I, the undersigned, being a Holder of options or warrants or other
derivatives (collectively, the "Options") of Sharp Technology, Inc., a Delaware
corporation ("SHARP"), do hereby understand and consent to the following
statements and give my written consent to take the following action:
1. I understand that SHARP will enter into that certain Agreement and
Plan of Merger and Reorganization ("MERGER") between Celebrity Entertainment
Group, Inc., Sharp Florida Acquisition Corp. and SHARP
2. I understand that a requirement of the MERGER is that all SHARP
Options be exchanged for Options of Celebrity Entertainment Group, Inc.
I currently hold the following Options of SHARP:
Date Issued: 1/1/2000 Expiration date: None Shares under option: 1,000,000
Exercise price: $0.10 per share
After the MERGER, I will hold the following Options of Celebrity Entertainment
Group, Inc.
Date Issued: 1/1/2000 Expiration date: None Shares under option: 333,333
Exercise price: $5.10 per share
3. I waive notice of adjustment and consent to the automatic exchange
of my SHARP Options for the options of Celebrity Entertainment Group, Inc.

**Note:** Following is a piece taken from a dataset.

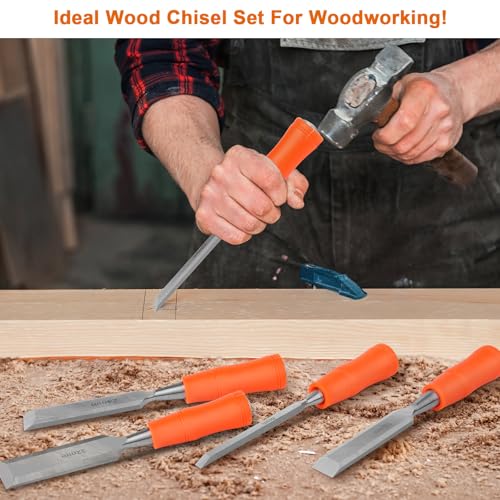 5 Piece Wood Chisel Sets Woodworking Tools Set, Wood Chisels for Woodworking with Steel Hammer End, Wood Tools Chisel Set Woodworking with Ergonomic Plastic Handle, 6mm, 12mm, 18mm, 24mm, 32mm - size: 5 Pack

4. I understand that when I sign this consent, and upon the effective
date of the merger of Sharp Technology, Inc. and Sharp Florida Acquisition
Corp., all as set forth in the MERGER, that my SHARP Options will automatically
be exchanged for Options of Celebrity Entertainment Group, Inc.
5. I understand that Celebrity Entertainment Group, Inc. will promptly
deliver to me my options of Celebrity Entertainment Group, Inc. upon my tender
of my SHARP Options to Sharp Technology, Inc. promptly upon the effective date
of the merger of Sharp Technology, Inc. and Sharp Florida Acquisition Corp.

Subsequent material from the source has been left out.